Les fermes et les oliveraies, remarqua Mat, s’étendaient jusqu’au pied du mur d’enceinte. Une très mauvaise idée si la cité avait un jour besoin d’être défendue.

Après avoir marchandé avec un fermier, Luca obtint l’usage d’un pâturage abandonné et revint en grommelant que le fichu escroc aurait de quoi s’acheter un nouveau troupeau de chèvres, voire deux.

Stimulés par les cris du saltimbanque, les hommes de peine et les artistes érigèrent très rapidement l’enceinte de toile. L’idée, c’était de donner une représentation dans la journée, puis de repartir au matin. Très tôt.

Personne ne protesta ni ne se perdit en commentaires. La devise, désormais, c’était : « Aussi loin du village maudit que possible. »

— Surtout, ne parlez à personne de ce que nous avons vu, répéta inlassablement Luca. En fait, nous n’avons été témoins de rien d’extraordinaire. Pas question d’effrayer le public !

Presque tout le monde le regarda comme s’il avait perdu la raison. Qui aurait eu envie de penser au village englouti et au pauvre colporteur ? Alors, en parler…

Assis sous sa tente, en manches de chemise, Mat attendait le retour de Thom et Juilin, partis découvrir s’il y avait des Seanchaniens en ville. Sur la petite table de voyage, il lançait des dés pour passer le temps. Après une série de chiffres élevés, il tira dix fois de suite la combinaison la plus basse : cinq « un », autrement dit l’Œil du Ténébreux. Un signe de malchance, pour la plupart des gens.

Sur ces entrefaites, Selucia écarta le rabat et entra. Bien qu’en jupe d’équitation et simple chemisier blanc, elle réussit à avoir l’air d’une reine s’aventurant dans une écurie – très crasseuse, à voir la moue dont elle se fendit. Pourtant, en matière de nettoyage, Lopin et Nerim auraient obtenu un satisfecit de la mère de Mat, ce qui n’était pas peu dire.

— Elle veut te voir, lâcha la Seanchanienne en portant une main à son fichu à motifs floraux. (Toujours l’obsession de cacher ses cheveux courts…) Suis-moi !

— Pourquoi ? demanda simplement Mat en s’accoudant ostensiblement à la table.

Mutin, il alla jusqu’à tendre ses jambes et croiser ses chevilles. Dès qu’on donnait à une femme le sentiment d’être à ses ordres, ça revenait à mettre une croix sur sa liberté.

— Elle te le dira. Tu nous fais perdre du temps, Jouet. Elle ne sera pas contente.

— Si Précieuse espère que je lui obéirai au doigt et à l’œil, elle devra apprendre à être mécontente souvent.

Bien que sa maîtresse le tolérât, Selucia abominait le surnom insolent. Avec un rictus, elle croisa les bras sous son impressionnante poitrine.

Pas besoin d’être devin pour comprendre qu’elle entendait rester là jusqu’à ce que Mat consente à se lever. Et justement, il n’en avait pas envie dans l’immédiat.

Il jeta de nouveau les dés. L’Œil du Ténébreux, encore une fois.

Bon sang, croire qu’il ferait le beau dès que Tuon claquerait des doigts !

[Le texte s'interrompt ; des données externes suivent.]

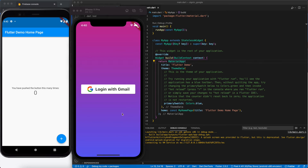Hello everyone, welcome to my channel. In this video we are going to do Google Sign-In using Flutter and Firebase. We will use Firebase Authentication to implement Google Sign-In for our Android and iOS application.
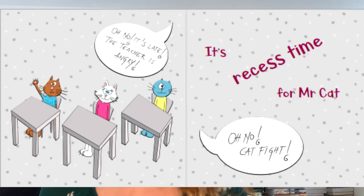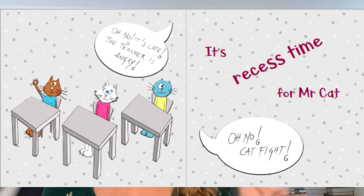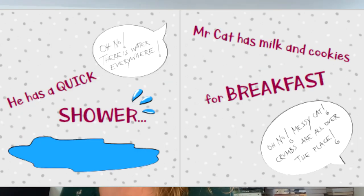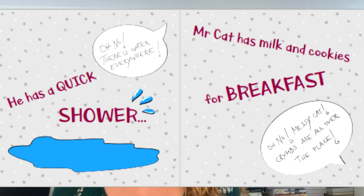For example, in Mr. Cat's Crazy Day there are a lot of speech bubbles. Those speech bubbles always begin with 'Oh no! Mr. Cat forgot to...' So I'm immediately thinking — because it's something that repeats itself again and again, it reminds me of a rhythm. A rhythm that comes again and again. So immediately, I have an idea.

Un nouveau lancer, un dé manquant tomber de la table. Et un nouvel Œil du Ténébreux.

Cela dit, pour le moment, il n’avait rien de mieux à faire, alors… Même ainsi, il prit tout son temps pour enfiler sa veste de soie couleur bronze. Quand il en fut à prendre son chapeau, il s’avisa que Selucia tapait du pied d’impatience.

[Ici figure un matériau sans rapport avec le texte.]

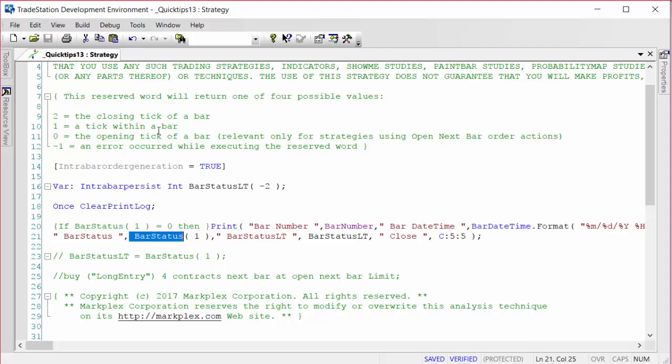But the other thing we see is 0 - the opening tick of the bar. But there is this little rider and it says relevant only for strategies using open next bar order actions.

— Qu’attendons-nous pour y aller ? lâcha-t-il, toujours prêt à jeter un peu d’huile sur le feu.

La Seanchanienne feula de rage. Et tout en écartant le rabat pour lui, elle continua…

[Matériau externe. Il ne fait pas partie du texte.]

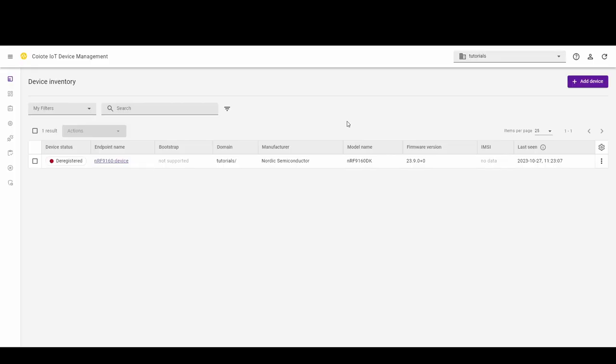In this video, I will show you how to forward telemetry data from Koyote IoT-DM platform to HTTP endpoint.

Dans la roulotte, Setalle et Tuon, assises sur une des couchettes, cessèrent de bavarder dès que Mat montra le bout de son nez. En revanche, elles l’évaluèrent du regard, telles des maquignonnes. En homme expérimenté, il déduisit qu’il était le sujet de leur conversation. De quoi lui glacer les sangs. À l’évidence, ce que Tuon lui voulait allait lui déplaire, et les deux femmes le savaient. Mais la Seanchanienne n’en démordrait pas.